イスラエル国家法

 イスラエルは国連でのパレスチナ分割決議を受けて成立した国である。第2次大戦が終わった1947年のことで、その地パレスチナには当然アラブの多くの人々が生活を営んでいた。決議案は人口で30%、所有地6%のユダヤ系に、57%の所有地を与える内容であったから、アラブ側は当然拒否し、すぐに中東戦争が勃発し、紛争は今に続く。紀元前6世紀にユダ王国が滅んで、漂流の民となったユダヤ民族は異教徒、異民族などと呼ばれ、様々な迫害の対象となっていた。そんな厳しい状況の中で、いつかはユダヤ教の聖地であるエルサレムに国家を建設しようというシオニズム運動が浸透していった。それが第1次大戦後にイギリスが出したバルフォア宣言で正夢となり、第2次大戦でナチスドイツの600万人ともいわれるユダヤ人大量虐殺に驚愕した米ソの大国は、国連決議に動かざるを得なくなっていったのである。
 1917年のバルフォア宣言に続くイギリスの委任統治下で、ユダヤ人によって土地が買い占められ、当初6万人程度であったユダヤ人が大量に移住し、建国の時には70万人に達している。そして第1次から第4次と続く中東戦争で、イスラエルは全パレスチナを占領して、今に続くのである。圧倒的な武力優勢を誇るイスラエルの専横は目に余るばかりで、パレスチナの惨状は絶望的状況となっている。

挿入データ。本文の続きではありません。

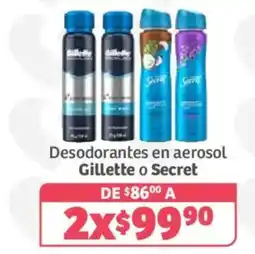 Soriana Híper Gillette o Secret Desodorantes en aerosol oferta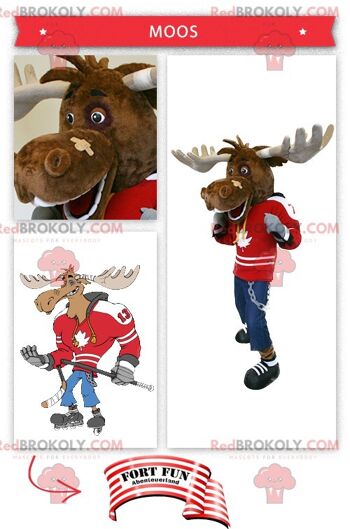 Caribou joueur de hockey mascotte REDBROKOLY, REDBROKO__0318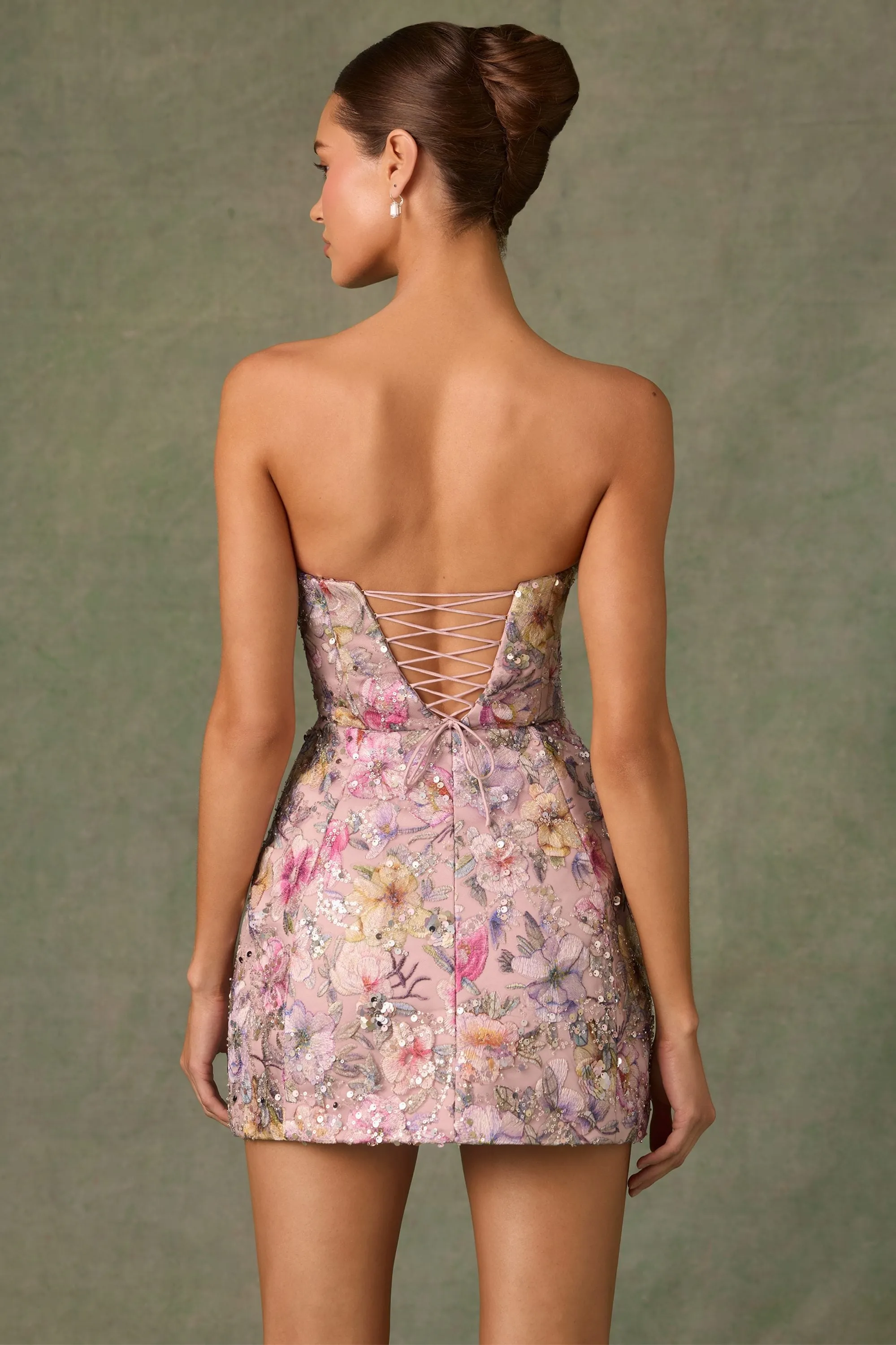 Embellished Convertible Lace-Up Gown in Floral Pink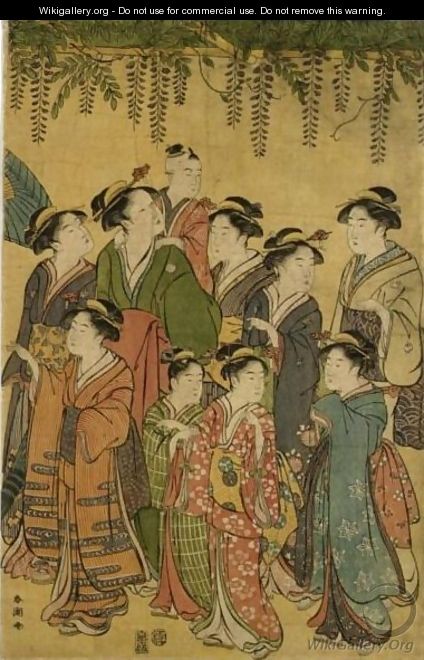 Women and children set against a yellow ground, walking beneath a wisteria arbour at Kameido shrine - Katsukawa Shuncho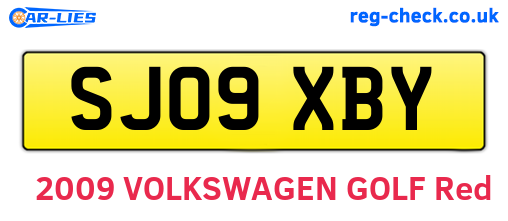 SJ09XBY are the vehicle registration plates.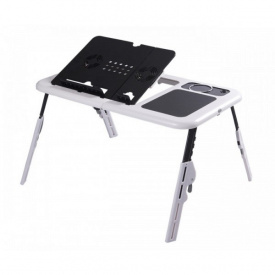 Складной столик-подставка для ноутбука с кулером E-Table LD09 HHG678H Черно-белый (10gad_krp270jhk)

 そして、その総仕上げともいうべき「ユダヤ人国家法」が7月19日、イスラエル国会で可決された。イスラエルはユダヤ人の歴史的郷土であり、ユダヤ人の国民国家である。統一エルサレムを首都と定め、公用語はヘブライ語のみとし、同じく公用語であったアラビア語を格下げ、ユダヤ人入植地はその建設と強化を推進すると宣言。トランプ政権はこれを追認するように、大使館移転、ワシントンにあるパレスチナ代表部の閉鎖、パレスチナ自治政府に向けた2億ドルの経済支援の撤回などイスラエルに歩調を合わせている。米国に張り巡らされたユダヤ組織のロビー活動は、国際世論を捻じ曲げるだけの影響力を持っているのであろう。

 さて、初めて「シオニズム」を知ったのは大学の授業であった。アウシュビッツ強制収容所を描いたフランクルの「夜と霧」に衝撃を受け、イスラエルに興味を持ったこともあり、熱心に聞き入った。同時に「キブツ」にも関心を持っていた。新たな国家建設の夢を実現させようと、生産的自力労働、集団責任、身分の平等、機会均等という4大原則に基づく集団生活で、社会主義とシオニズムが結合し、労働シオニズムともいうべき共同体運動である。学生には理想郷に映ったのであろう。これを夢想だけに終わらせず、キブツボランティアに駆け参じた女性がいた。村田靖子さん。同じ45年生まれで東京女子大学哲学科に学び、卒業と同時にイスラエルに飛んでいる。ヘブライ語に通じて、翻訳も多い大学教授だが、今度は小説仕立てで「エルサレムの悲哀」を木犀社から上梓した。毎日新聞の書評で見かけたのだが、ユダヤ人国家法に強い懸念を抱いている。
 ナチスドイツにこれでもかと抹殺されそうになった悲劇の民族が、唯一残された希望の地で建国した国家が、抑圧、圧殺する側に回るという倒錯した論理にどうしていたるのか。

 そして、ひがみともいえるのだが、イスラエル経済は建国から70年で50倍近い経済成長を達成している。成功要因といわれるのが、ロシアからの優秀な人材の流入で、「移民はゼロから始めることに抵抗感がない。移民はその定義からして、リスクを恐れない人たちだ。どの移民国家も起業国家だ」。というわけで、莫大な富がイスラエル社会に流入している。
 イスラエルの青年で兵役拒否などの動きもあるという。そういう起業家の知性に期待したiい。

 参照/「14歳からのパレスチナ問題」(合同出版)、「イスラエル」(ミルトス)、「世界」10月号。